De acordo com as recomendações aprovadas pelo órgão responsável pela Saúde Humana – ANVISA/MS.

De acordo com as recomendações aprovadas pelo órgão responsável pelo Meio Ambiente – IBAMA/MMA.

Incluir outros métodos de controle de pragas (Ex. controle cultural, biológico, etc.) dentro do programa de Manejo Integrado de Pragas, quando disponível e apropriado.

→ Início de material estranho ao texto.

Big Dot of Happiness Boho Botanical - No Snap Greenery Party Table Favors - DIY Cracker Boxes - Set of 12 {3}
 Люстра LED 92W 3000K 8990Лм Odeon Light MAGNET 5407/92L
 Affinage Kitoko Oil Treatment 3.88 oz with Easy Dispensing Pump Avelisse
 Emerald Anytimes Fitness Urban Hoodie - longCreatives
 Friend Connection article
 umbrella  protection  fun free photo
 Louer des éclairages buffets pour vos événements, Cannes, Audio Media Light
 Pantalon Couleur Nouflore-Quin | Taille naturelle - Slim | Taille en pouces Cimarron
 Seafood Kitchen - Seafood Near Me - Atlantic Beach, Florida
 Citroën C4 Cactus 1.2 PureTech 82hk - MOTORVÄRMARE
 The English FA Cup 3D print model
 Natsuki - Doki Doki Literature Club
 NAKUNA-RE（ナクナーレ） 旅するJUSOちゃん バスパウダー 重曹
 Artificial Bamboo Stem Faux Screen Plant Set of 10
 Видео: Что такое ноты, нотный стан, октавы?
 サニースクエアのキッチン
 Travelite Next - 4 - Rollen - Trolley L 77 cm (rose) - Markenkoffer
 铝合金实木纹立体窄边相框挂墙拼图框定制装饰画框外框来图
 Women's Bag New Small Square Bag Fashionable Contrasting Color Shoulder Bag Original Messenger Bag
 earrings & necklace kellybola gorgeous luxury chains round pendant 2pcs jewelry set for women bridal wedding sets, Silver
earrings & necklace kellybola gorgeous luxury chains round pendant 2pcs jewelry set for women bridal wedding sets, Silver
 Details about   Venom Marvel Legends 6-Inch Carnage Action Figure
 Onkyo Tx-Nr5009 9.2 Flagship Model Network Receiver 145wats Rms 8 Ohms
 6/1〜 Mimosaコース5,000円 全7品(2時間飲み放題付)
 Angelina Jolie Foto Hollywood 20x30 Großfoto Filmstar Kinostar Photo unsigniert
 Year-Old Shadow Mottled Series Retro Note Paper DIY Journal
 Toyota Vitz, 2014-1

A resistência de pragas a agrotóxicos ou qualquer outro agente de controle pode tornar-se um problema econômico, ou seja, fracassos no controle da praga podem ser observados devido à resistência. O inseticida PIREPHOS EC pertence aos Grupos 1B (inibidores da acetilcolinesterase - Organofosforados) e 3A (moduladores de canais de sódio - Piretroides e Piretrinas) e o uso repetido deste inseticida ou de outro produto do mesmo grupo pode aumentar o risco de desenvolvimento de populações resistentes em algumas culturas. Para manter a eficácia e longevidade do PIREPHOS EC como uma ferramenta útil de manejo de pragas agrícolas, é necessário seguir as seguintes estratégias que podem prevenir, retardar ou reverter a evolução da resistência: Adotar as práticas de manejo a inseticidas, tais como:
• Rotacionar produtos com mecanismo de ação distinto dos Grupos 1B e 3A. Sempre rotacionar com produtos de mecanismo de ação efetivos para a praga alvo.
• Usar PIREPHOS EC ou outro produto do mesmo grupo químico somente dentro de um “intervalo de aplicação” (janelas) de cerca de 30 dias.
• Aplicações sucessivas de PIREPHOS EC podem ser feitas desde que o período residual total do “intervalo de aplicações” não exceda o período de uma geração da praga-alvo.
• Seguir as recomendações de bula quanto ao número máximo de aplicações permitidas. No caso específico do PIREPHOS EC, o período total de exposição (número de dias) a inseticidas dos Grupos 1B e 3A não deve exceder 50% do ciclo da cultura ou 50% do número total de aplicações recomendadas na bula.
• Respeitar o intervalo de aplicação para a reutilização do PIREPHOS EC ou outros produtos dos Grupos 1B e 3A quando for necessário;
• Sempre que possível, realizar as aplicações direcionadas às fases mais suscetíveis das pragas a serem controladas;
• Adotar outras táticas de controle, previstas no Manejo Integrado de Pragas (MIP) como rotação de culturas, controle biológico, controle por comportamento etc., sempre que disponível e apropriado;
• Utilizar as recomendações e da modalidade de aplicação de acordo com a bula do produto;
• Sempre consultar um Engenheiro Agrônomo para o direcionamento das principais estratégias regionais para o manejo de resistência e para a orientação técnica na aplicação de inseticidas;
• Informações sobre possíveis casos de resistência em insetos e ácaros devem ser encaminhados para o IRAC-BR (www.irac-br.org.br), ou para o Ministério da Agricultura, Pecuária e Abastecimento (www.agricultura.gov.br).